| WHAT IS BEING ASKED |
Your task is to repeat, word for word, the line containing "建设工程质量控制思考题.doc_第2页" and all lines that follow it to the end of the material, and no other lines.

| INPUT DATA |

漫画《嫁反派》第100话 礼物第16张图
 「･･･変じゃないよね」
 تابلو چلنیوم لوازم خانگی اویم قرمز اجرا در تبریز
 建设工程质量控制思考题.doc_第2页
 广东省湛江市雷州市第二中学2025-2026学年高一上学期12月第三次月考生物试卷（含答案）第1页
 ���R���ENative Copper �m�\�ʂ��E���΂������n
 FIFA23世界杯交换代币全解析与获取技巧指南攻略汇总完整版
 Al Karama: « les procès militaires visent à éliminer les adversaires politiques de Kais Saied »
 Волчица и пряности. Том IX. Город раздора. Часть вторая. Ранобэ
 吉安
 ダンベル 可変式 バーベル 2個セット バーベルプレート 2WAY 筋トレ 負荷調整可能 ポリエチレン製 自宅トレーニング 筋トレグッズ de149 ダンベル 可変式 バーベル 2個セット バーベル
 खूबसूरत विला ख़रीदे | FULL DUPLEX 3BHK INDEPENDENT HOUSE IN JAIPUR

| WRITTEN REPLY |
 建设工程质量控制思考题.doc_第2页
 广东省湛江市雷州市第二中学2025-2026学年高一上学期12月第三次月考生物试卷（含答案）第1页
 ���R���ENative Copper �m�\�ʂ��E���΂������n
 FIFA23世界杯交换代币全解析与获取技巧指南攻略汇总完整版
 Al Karama: « les procès militaires visent à éliminer les adversaires politiques de Kais Saied »
 Волчица и пряности. Том IX. Город раздора. Часть вторая. Ранобэ
 吉安
 ダンベル 可変式 バーベル 2個セット バーベルプレート 2WAY 筋トレ 負荷調整可能 ポリエチレン製 自宅トレーニング 筋トレグッズ de149 ダンベル 可変式 バーベル 2個セット バーベル
 खूबसूरत विला ख़रीदे | FULL DUPLEX 3BHK INDEPENDENT HOUSE IN JAIPUR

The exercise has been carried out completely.